Outro dia, ouvindo uma entrevista do Relator do Projeto, Deputado Nelson Padovani, do PSC/PR e relator do Projeto de Lei 7123/10, que institui a “Estrada-Parque Caminho do Colono”, de autoria do Deputado Assis do Couto (PT/PR), me lembrei imediatamente do conto do Professor de Javanês… Uma série de termos decorados, manjados, jogados de forma aleatória, para iludir uma sociedade com pouco conhecimento sobre o que é realmente ecologia e para maquiar o único interesse que é fragmentar de forma definitiva um dos mais importantes patrimônios ambientais do planeta.
Na Sessão da Câmara onde o PL 7123/10 foi aprovado, me chamou a atenção o discurso do Deputado Alfredo Kaefer (PSDB/PR), afirmando que o grande desafio futuro da humanidade será o equilíbrio entre desenvolvimento e meio ambiente. Excelente afirmação. No entanto, o equilíbrio que se busca pelos interesses desenvolvimentistas arranjados é desviado. Visa alterar a legislação ambiental (no caso, a Lei do Sistema Nacional de Unidades de Conservação, para enfiar uma categoria de “unidade de conservação” tresloucada), visa rasgar o Parque Nacional do Iguaçu, reconhecido internacionalmente e extremamente lucrativo, justamente em sua zona mais preciosa, visa atropelar qualquer senso de valor que o patrimônio natural do Brasil possui.
Para mim, equilíbrio significa outra coisa. O Brasil é um país rico, vastíssimo e com condições de atender a diversos interesses. Não é compreensível que um país como o Brasil seja incapaz de proteger seu patrimônio biológico. Não é aceitável que uma estrada que visa tão somente atender a interesses locais se sobrepunha a uma das jóias da natureza mundial. Concordo que em um país democrático é imprescindível equilibrar interesses. Só que o equilíbrio visado pelos setores “desenvolvimentistas” é unilateral: descaracterizar a legislação ambiental para permitir que seus interesses sejam atendidos, custe o que custar. Para mim, não pode haver melhor exemplo de desequilíbrio.

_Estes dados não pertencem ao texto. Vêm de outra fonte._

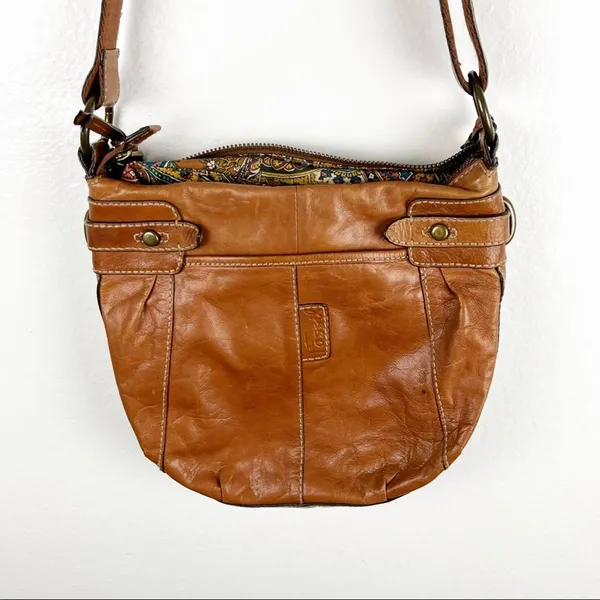 FOSSIL Brown Leather Stitched Adjustable Strap  Paisley Lined Shoulder Bag Boho - Image 7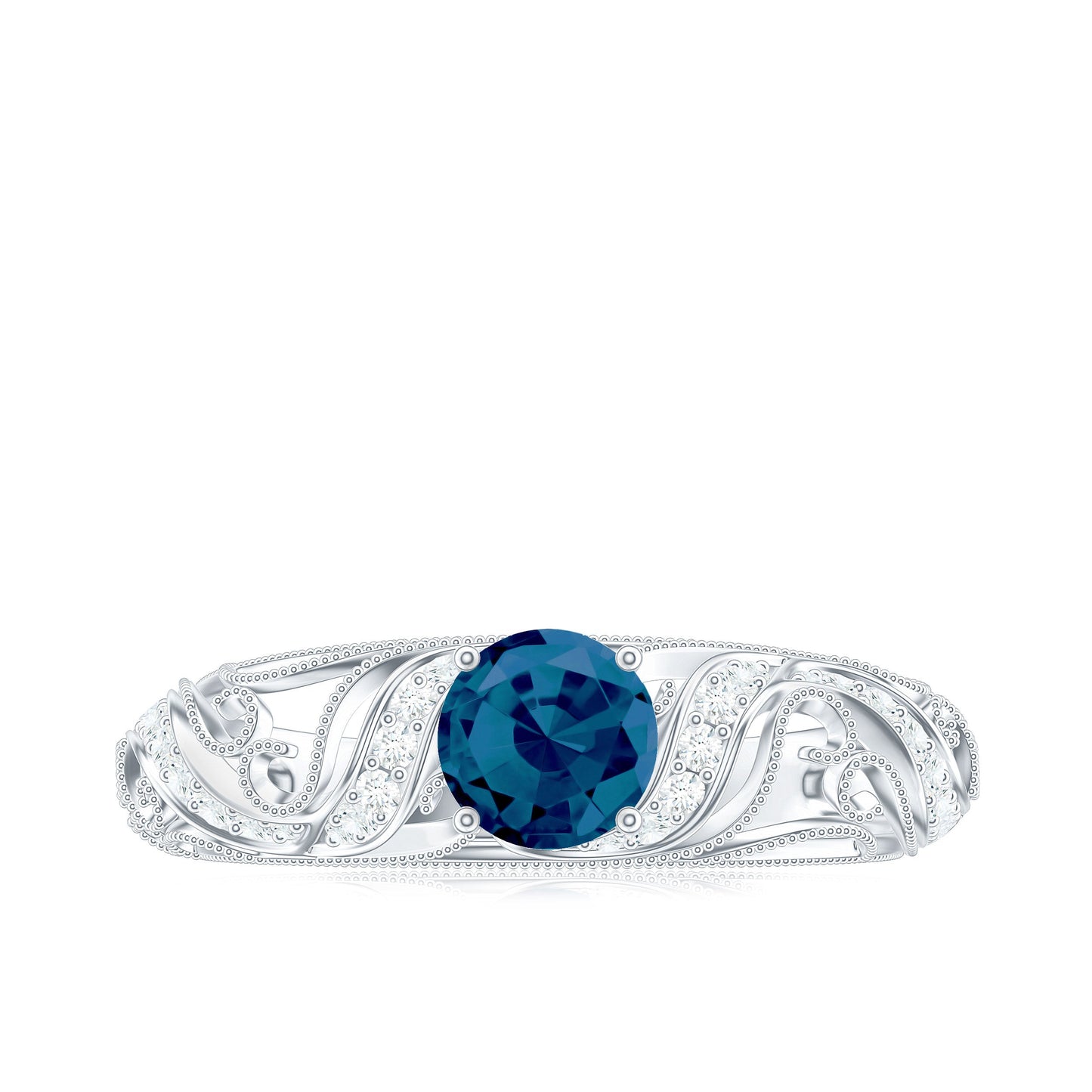 Vintage London Blue Topaz and Diamond Engagement Ring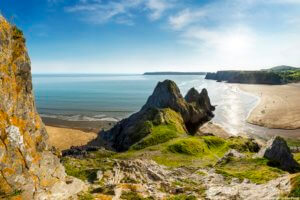 View of the Gower Peninsula in South Wales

A estrada entre Capanema e Serranópolis do Iguaçu possui pouco mais de 180 km ou pouco mais que duas horas de carro. Uma distância muito pequena para justificar o tamanho do estrago ambiental. O rasgo da Estrada do Colono iria reduzir a viagem pela metade. Vejo centenas de pessoas que viajam distâncias muito maiores todos os dias, sem culparem um Parque Nacional pela infelicidade de terem que viajar. É evidente que o rasgo do colono é apenas mais uma das desculpas putativas, que visam o “bem estar social”, cujo único objetivo é fragilizar as poucas garantias ambientais dadas pela legislação.
A ignorância da sociedade em geral sobre o que a Biologia da Conservação ensina é uma bênção para os setores “desenvolvimentistas”. A ignorância sobre a raridade, a fragilidade, o funcionamento e a história das nossas poucas conquistas ambientais é a maior fonte de nossas anunciadas tragédias ambientais. Em um país onde um atalho vale mais que um Parque Nacional, onde a desinformação vale mais do que o conhecimento, só podemos esperar que o empobrecimento cultural, ecológico e dos valores elevados pontuem a nossa história.
Nada mais somos que uma sociedade iludida, mal informada e governada por um número enorme de professores de javanês, como poucas vezes se viu na história.